I additionally began growing nervousness about my working efficiency. If I wasn’t enhancing my VO2 Max or mile instances, I used to be failing. It didn’t matter that I’d gone from working 16-minute miles to recording a private better of 8 minutes, 45 seconds. Any time I turned injured, my numbers would go down, and I’d really feel like an entire failure. When my father died, I used to be caught in a funeral residence within the Korean countryside, pacing round in circles in order that I wouldn’t lose my step streak. Satirically, in a bid to please my wearable overlords, I’ve ended up injuring myself a number of instances via overexercise within the final decade.

I’m okay now, because of quite a lot of work in remedy and the assistance of my family members. However therapeutic isn’t a one-and-done sort of factor. Ninety-five % of the time, I exploit wearables in a way more cheap means. I take intentional breaks the opposite 5 % of the time, every time outdated habits rear their ugly head.

Mine isn’t a novel expertise. A number of research and stories have discovered that wearables can improve well being nervousness. Anecdotally, when a good friend or acquaintance will get a brand new wearable, I often get one in every of two varieties of messages. The primary is an obsessive recounting of their information and all of the methods they monitor meals consumption. The opposite is a flurry of frightened texts asking if their low HRV, coronary heart charge, or another metric is an indication that they’re going to die. Most of those messages come from individuals who have had a latest well being scare, and I often spend the subsequent hour instructing them the right way to interpret their baseline information in much less absolute phrases. And therein lies the rub. These gadgets overloaded the individuals in my life with an excessive amount of data however not sufficient context. How can anybody successfully “take management of their well being” in the event that they’re struggling to grasp it?

There’s by no means been, nor will there ever be, a one-size-fits-all resolution.

There’s by no means been, nor will there ever be, a one-size-fits-all resolution. That’s why I’m skeptical that Kennedy’s imaginative and prescient is even possible. Medical doctors don’t all the time know the right way to interpret wearable information. Not solely that, it’d be a large enterprise to offer each American a wearable. There are dozens, if not a whole bunch, of merchandise in the marketplace, and everybody’s well being wants are distinctive.
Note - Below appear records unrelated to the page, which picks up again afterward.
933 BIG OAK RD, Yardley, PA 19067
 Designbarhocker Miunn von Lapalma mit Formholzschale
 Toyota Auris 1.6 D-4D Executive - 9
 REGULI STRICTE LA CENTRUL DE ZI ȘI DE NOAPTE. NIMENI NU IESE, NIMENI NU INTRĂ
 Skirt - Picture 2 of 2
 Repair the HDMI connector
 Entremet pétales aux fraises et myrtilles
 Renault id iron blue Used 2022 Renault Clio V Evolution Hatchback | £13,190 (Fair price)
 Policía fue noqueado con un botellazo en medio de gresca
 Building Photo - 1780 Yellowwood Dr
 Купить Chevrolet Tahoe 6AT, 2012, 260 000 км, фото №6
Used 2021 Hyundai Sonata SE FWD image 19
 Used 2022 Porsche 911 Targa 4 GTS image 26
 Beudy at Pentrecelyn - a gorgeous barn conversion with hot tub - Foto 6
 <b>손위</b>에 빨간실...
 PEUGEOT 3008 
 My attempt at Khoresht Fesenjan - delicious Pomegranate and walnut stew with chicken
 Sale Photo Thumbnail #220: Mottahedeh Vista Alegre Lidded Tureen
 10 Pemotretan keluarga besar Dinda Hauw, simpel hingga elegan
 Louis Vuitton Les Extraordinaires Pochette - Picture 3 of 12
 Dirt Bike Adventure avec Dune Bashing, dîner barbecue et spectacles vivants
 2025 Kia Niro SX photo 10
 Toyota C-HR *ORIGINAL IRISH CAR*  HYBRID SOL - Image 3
Would the federal government subsidize the associated fee? The place do medical insurance corporations, FSAs, and HSAs match into this image? Up to now, all we’ve heard from Kennedy is that the HHS plans to “launch one of many greatest promoting campaigns in HHS historical past” to advertise wearable use.

However even when Kennedy have been to resolve this logistical nightmare, I take subject with framing wearables as a vital part in anybody’s well being journey. You danger creating situations the place insurance coverage corporations use wearables as a method of reducing or elevating premiums, just like how sure automobile insurance coverage suppliers use telematics gadgets to watch their clients’ driving in trade for reductions. It sounds good in idea, however it additionally opens the door to discrimination. Some, however not all, diseases could be handled or prevented via way of life modifications.

Not everybody will expertise the darker facet of this tech like I’ve. However I do know that many have, and lots of extra will. Some, like me, will ultimately discover a wholesome stability. For others, the healthiest factor they might do is to keep away from wearables.